Jepsen is a framework built to test the behavior of distributed systems under faults. The tests in this particular project deploy Flink on either YARN or Mesos, submit a job, and examine the availability of the job after injecting faults. A job is said to be available if all the tasks of the job are running. The faults that can be currently introduced to the Flink cluster include:
- Killing of TaskManager/JobManager processes
- Stopping HDFS NameNode
- Network partitions
There are many more properties other than job availability that could be verified but are not yet covered by this test suite, e.g., end-to-end exactly-once processing semantics.
See the Jepsen documentation
for how to set up the environment to run tests. The script under scripts/run-tests.sh
documents how to invoke
tests. The Flink job used for testing is located under
flink-end-to-end-tests/flink-datastream-allround-test
. You have to build the job first and copy
the resulting jar (DataStreamAllroundTestProgram.jar
) to the ./bin
directory of this project's
root.
To simplify development, we have prepared Dockerfiles and a Docker Compose template so that you can run the tests locally in containers. To build the images and start the containers, simply run:
$ cd docker
$ ./up.sh
After the containers started, open a new terminal window and run docker exec -it jepsen-control bash
.
This will allow you to run arbitrary commands on the control node.

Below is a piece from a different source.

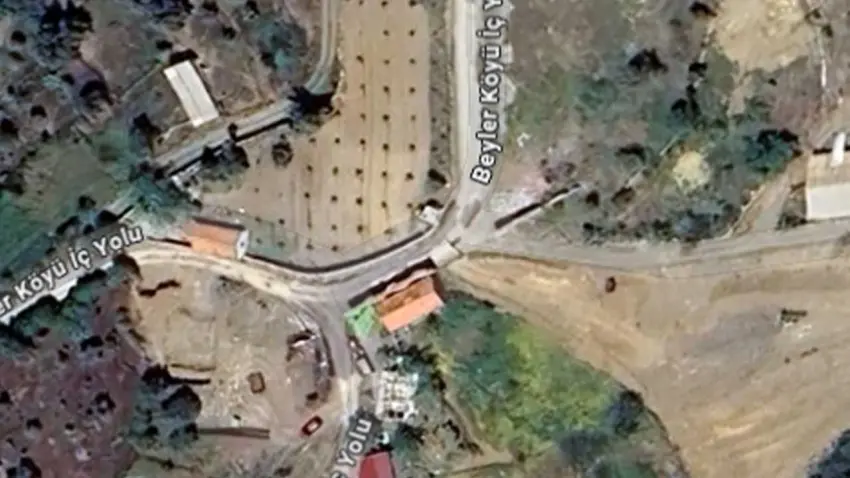 Seferihisar’da tarihi su kemeri için korunma alanı kararı haberinin görseli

To start the tests, you can use the run-tests.sh
script in the docker
directory,
which expects the number of test iterations, and a URI to a Flink distribution, e.g.,
./docker/run-tests.sh 1 https://example.com/flink-dist.tgz
The project's root is mounted as a volume to all containers under the path /jepsen
.
This means that changes to the test sources are immediately reflected in the control node container.
Moreover, this allows you to test locally built Flink distributions by copying the tarball to the
project's root and passing a URI with the file://
scheme to the run-tests.sh
script, e.g.,
file:///jepsen/flink-dist.tgz
.
The tests have high memory demands due to the many processes that are started by the control node. For example, to test Flink on YARN in a HA setup, we require ZooKeeper, HDFS NameNode, HDFS DataNode, YARN NodeManager, and YARN ResourceManager, in addition to the Flink processes. We found that the tests can be run comfortably in Docker containers on a machine with 32 GiB RAM.
Consult the jepsen.log
file for the particular test run in the store
folder. The final output of every test will be either
Everything looks good! ヽ('ー`)ノ
or
Analysis invalid! (ノಥ益ಥ)ノ ┻━┻
depending on whether the test passed or not. If neither output is generated, the test did not finish properly due to problems of the environment, bugs in Jepsen or in the test suite, etc.
In addition, the test directories contain all relevant log files aggregated from all hosts.